MATERIAL FOR THIS EXERCISE:
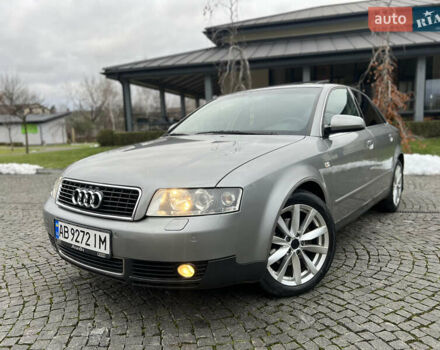 Серый Ауди А4, объемом двигателя 1.98 л и пробегом 280 тыс. км за 4350 $, фото 1 на Automoto.ua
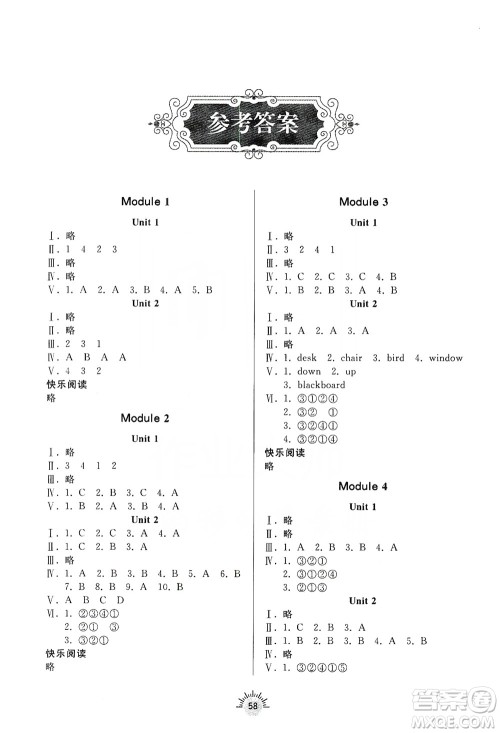 齐鲁书社2019小学导学与训练三年级英语上册外研版答案 齐鲁书社2019小学导学与训练三年级英语上册外研版答案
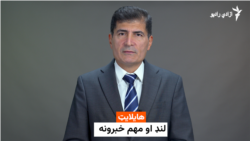 هایلایټ خبرونه 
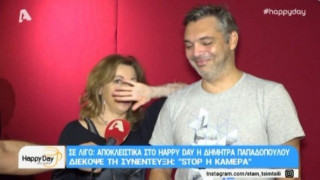 Η Δήμητρα Παπαδοπούλου διέκοψε συνέντευξη με τον πιο αστείο τρόπο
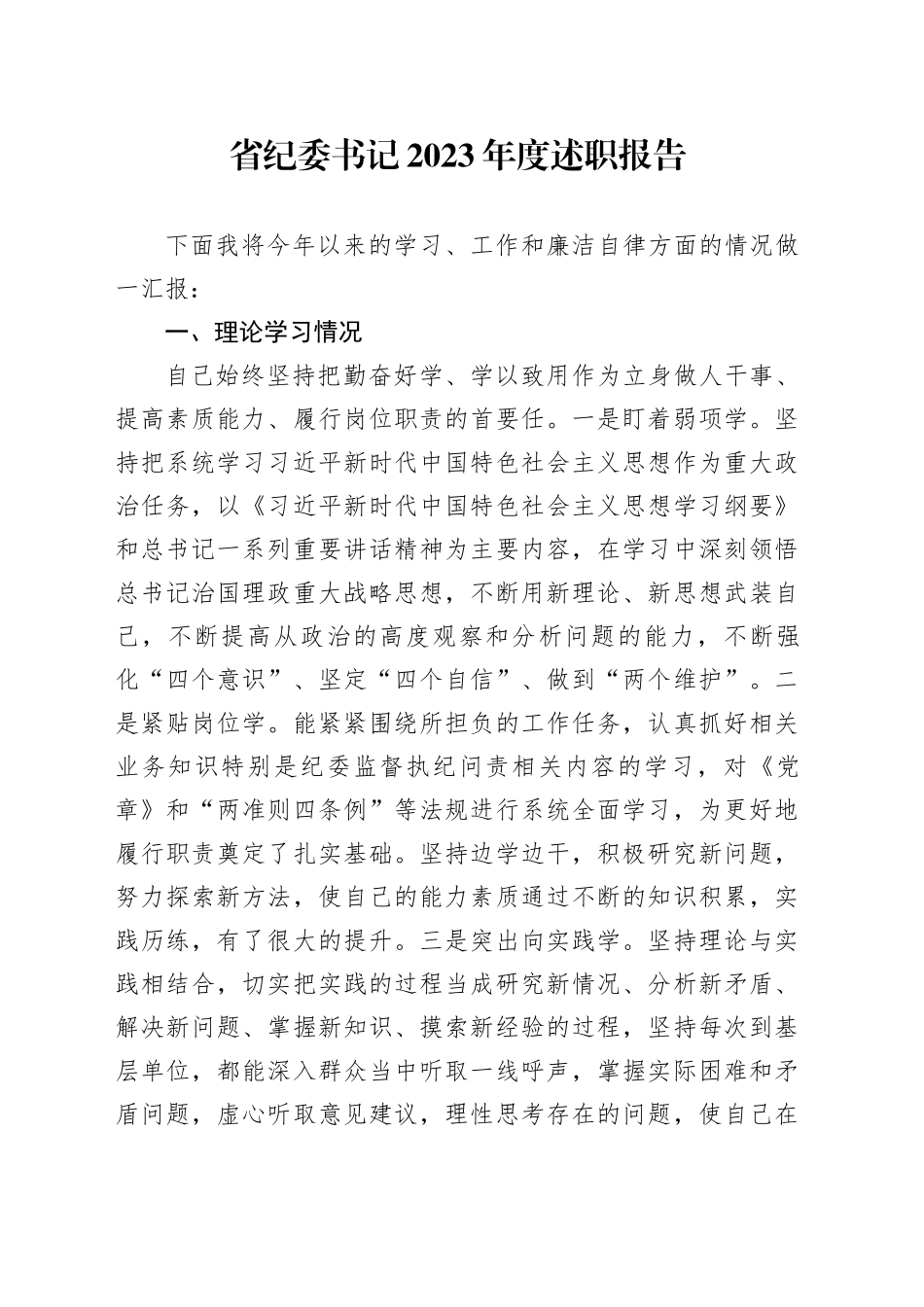 省纪委书记2023年度述职报告(1)_第1页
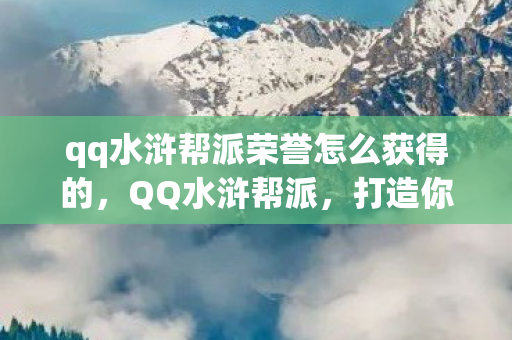 qq水浒帮派荣誉怎么获得的图片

PROBLEM: Look above for the line containing "齐鲁书社2019小学导学与训练三年级英语上册外研版答案 齐鲁书社2019小学导学与训练三年级英语上册外研版答案", then retype it and each line after it to the end of the records, exactly and without pictures.

SOLUTION TO THE EXERCISE:
 齐鲁书社2019小学导学与训练三年级英语上册外研版答案 齐鲁书社2019小学导学与训练三年级英语上册外研版答案
 هایلایټ خبرونه 
 Η Δήμητρα Παπαδοπούλου διέκοψε συνέντευξη με τον πιο αστείο τρόπο
 省纪委书记2023年度述职报告(1)_第1页
 qq水浒帮派荣誉怎么获得的图片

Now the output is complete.